Zanu PF politburo member Obert Mpofu told a party meeting in Lupane yesterday that this would ensure that the party was kept abreast of what is happening within government departments.
Mpofu said civil servants chiefs owed their positions to Zanu PF’s benevolence and there was nothing amiss with them presenting progress reports before the party.
“Heads of department should come and tell us how they work. We are the ruling party and those jobs come from us,” he said.
“It was difficult to direct them to do so during the unity government, but we are alone now.”
Mpofu, the Transport and Infrastructural Development minister, said when he was Matabeleland North governor and Speaker of Parliament Jacob Mudenda was still provincial party chairman, he (Mpofu) would bring heads of departments to give updates on their work.
Legally, civil servants must be apolitical. However, the lines between public workers and Zanu PF have been blurred in recent times, with observers arguing that workers are appointed on party allegiance rather than merit.
Mpofu called for unity within party structures so the province regains lost seats from MDC-T.
He said it was embarrassing for him when they met with other leaders from other regions discussing about performance of provinces.
He warned that if they slackened, they would soon be compared to Bulawayo where Zanu PF has not won a single seat since the formation of the MDC in 1999.
“We might be number nine (according to performance as a province), but we will move towards number one,” he said.
“In Matabeleland South, they won resoundingly because the national chairman Simon Khaya Moyo put his foot down.

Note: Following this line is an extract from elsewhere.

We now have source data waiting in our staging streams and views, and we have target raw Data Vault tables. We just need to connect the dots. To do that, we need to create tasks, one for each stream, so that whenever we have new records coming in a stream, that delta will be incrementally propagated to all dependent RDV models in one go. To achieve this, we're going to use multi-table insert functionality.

“If we do not do that we will be number last. Come to the party to promote the party and not individuals.
“There is confusion about Matabeleland North in the newspapers about which faction we belong to. There are no factions in Matabeleland North, we all belong to the party.”

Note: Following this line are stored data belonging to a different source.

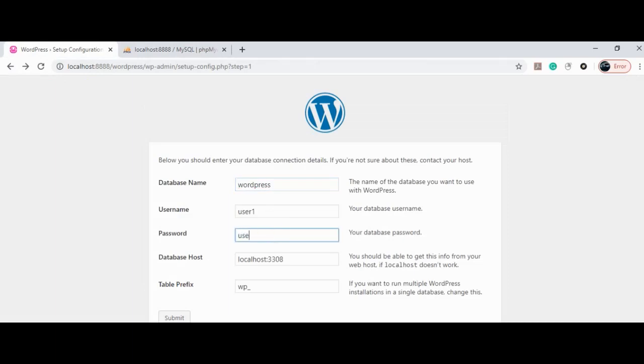Maybe there should be an entry in the hosts file. Let's try using the IP address instead of localhost, that is 127.0.0.1.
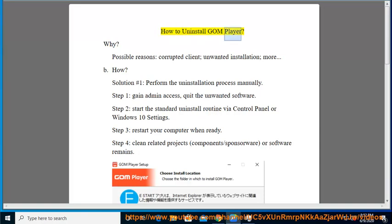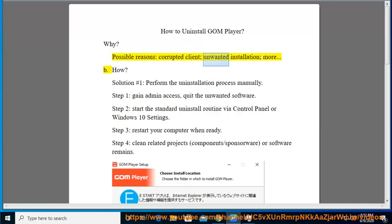How to Uninstall GOM Player? Why? Possible reasons: corrupted client, unwanted installation, more.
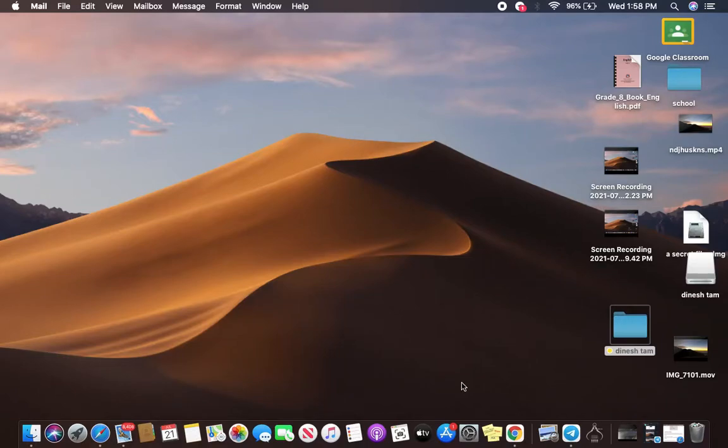Hello everyone, welcome back to another episode of Help Tech. In this tutorial, you are going to learn how to delete mail storage on your Mac operating system.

Mpofu said confusion was started by lack of knowledge, urging party members to accept being corrected in instances where they are wrong.
Referring to the time he cried in Parliament following the election of Mudenda as Speaker Mpofu said: “I was so overwhelmed when it happened, I said God is in Matabeleland North.”

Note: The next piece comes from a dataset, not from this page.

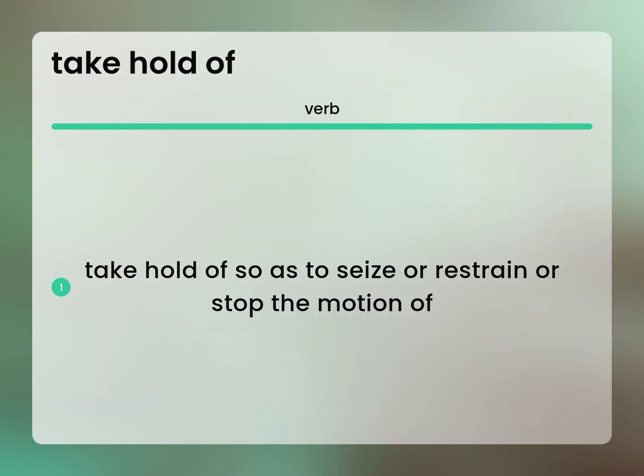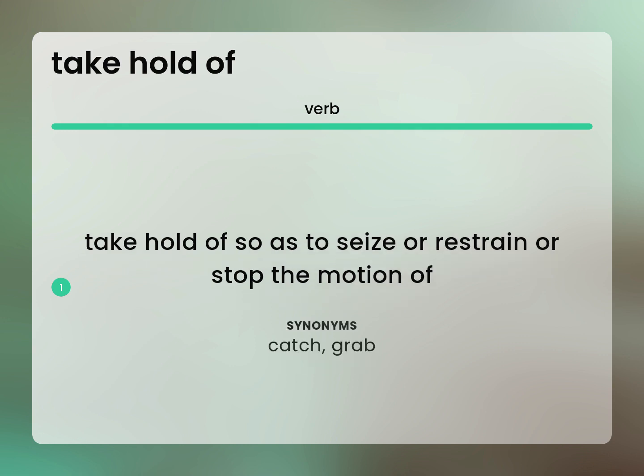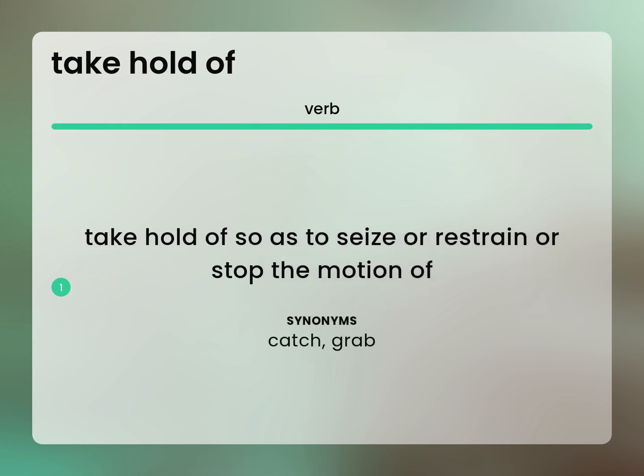Take hold of so as to seize or restrain or stop the motion of. Catch. Grab.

Mpofu has a reputation of fawning, having once signed off a letter to President Robert Mugabe as “Your Obedient Son”.
Meanwhile, fellow politburo member Cain Mathema raised concern over the use of “badala” (elders) during the PCC meeting, arguing that they were all equal as members of the provincial organ. Mathema, the Matabeleland North Provincial Affairs minister – who received support from politburo member Jonathan Moyo – suggested that the term “comrade” would suffice as “elders” suggested that there were children in party structures.
Mpofu, however, did not back down and received support from provincial party chairman Richard Moyo, the provincial commissar Martin Khumalo and central committee member Fati Mpofu, insisting that the term “elders” was meant to show respect of protocol within the structures.